Prefeitura e Furg realizam trabalho pioneiro na gestão de resíduos nas obras municipais

Organizar os canteiros de obras, orientar as empresas e os trabalhadores sobre o descarte correto dos resíduos, reaproveitar o que for possível e dialogar com a comunidade. Essas são as diretrizes gerais do Programa de Educação Ambiental nas obras municipais, uma parceria da Prefeitura Municipal do Rio Grande com a FURG.

Coordenado pelo Gabinete de Programas e Projetos Especiais (GPPE) em parceria com o Programa de Pós-Graduação em Educação Ambiental da Universidade, o projeto teve inicío em fevereiro deste ano e já percorreu obras como a Unidade de Pronto Atendimento do bairro Junção, a Unidade Básica 24h do Cassino, o Posto IV, as obras de drenagem e pavimentação do bairro Getúlio Vargas, o Centro de Iniciação ao Esporte no Parque Marinha e o Centro de Esportes e Artes Unificados do Jockey Clube. Na manhã desta quarta-feira (23) a equipe que desenvolve as ações iniciou mais uma etapa do trabalho nas obras de revitalização da Henrique Pancada, o projeto Orla.

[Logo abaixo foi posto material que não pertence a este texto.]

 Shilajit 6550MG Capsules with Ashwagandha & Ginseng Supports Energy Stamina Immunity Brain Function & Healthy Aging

Patrícia Gomes, servidora da GPPE e mestranda em Educação Ambiental na FURG, explica que o projeto nasceu de uma necessidade da pasta. “Precisávamos qualificar o pessoal, engenheiros, arquitetos, fiscais – e também as obras – em relação a gestão dos resíduos. Como não tínhamos um setor na Prefeitura específico para trabalhar essa pauta, nós buscamos a parceria coma Universidade”, comentou.

Ela conta que, após o início do projeto, ocorreram reuniões com os servidores e servidoras da Prefeitura, depois com os responsáveis pelas empresas que estão executando as obras e, na sequência, a realização das oficinas. O próximo passo, destaca, deve ocorrer em dezembro e ampliará a discussão para as comunidades que vivem ao entorno das obras, através de oficinas e discussões sobre temas relacionados ao meio ambiente. “É um processo educativo”, resumiu Patricia.

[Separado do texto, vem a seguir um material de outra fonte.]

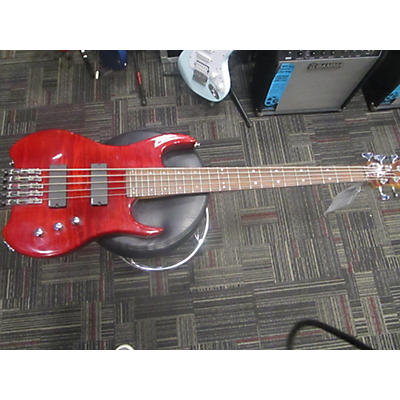Used PBC GTB355 Trans Red Electric Bass Guitar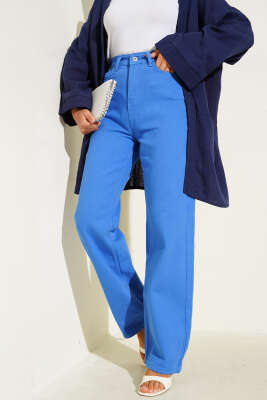 Boru Paça Saks Jean Pantolon Saks - Kot Pantolon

Acompanhada pelo também servidor da GPPE, Cláudio Miranda, pelas gestoras ambientais Bruna Barreto e Maryanna Pozenato e pela graduanda de Gestão Ambiental e que faz o seu estágio acadêmico no projeto, Rafaela de Oliveira, a equipe falou sobre os tipos de resíduos de construção civil, suas classes, possibilidades de reaproveitamento e impactos ao meio ambiente. De acordo com o banner apresentado aos trabalhadores, os resúdios Classe A (tijolos, pedras, areia e outros) são trituráveis e podem ser reutilizados em obras públicas, os Classe B (papel, papelão, plástico e madeira) podem ser recicláveis, os Classe C (lixas, massa corrida e outros) são considerados não-recicláveis e os Classe D (tinta, verniz, solvente e pincéis) são tidos como perigosos e podem causar contaminação.

Para Bruna Barreto, que também possui Mestrado em Gerenciamento Costeiro, o projeto é bom para a cidade, para a Universidade e contribui para a relação entre a pesquisa e a prática acadêmica. “Observamos um retorno muito bom, principalmente dos operários que compreendem a proposta e a necessidade deste tipo de trabalho”, ressalta.

Virgilino Júnior, encanador industrial e pedreiro há mais de 10 anos é um exemplo. O trabalhador diz já ter tido experiência sobre o tema e reforça a importância deste tipo de iniciativa no canteiro de obras. “Tive a oportunidade de conhecer trabalho similar, na época do Polo Naval. Precisamos fazer a nossa parte, pois é algo para nós mesmos”, disse. Placas de identificação dos tipos de resíduos e adesivos foram distribuídos no canteiro de obras. Alguns, colados no capacete dos trabalhadores. “Segurança e meio ambiente andam sempre juntas”, concluiu Patrícia, que salientou a participação da Professora Dra. Dione Kitzmann, na consolidação do projeto.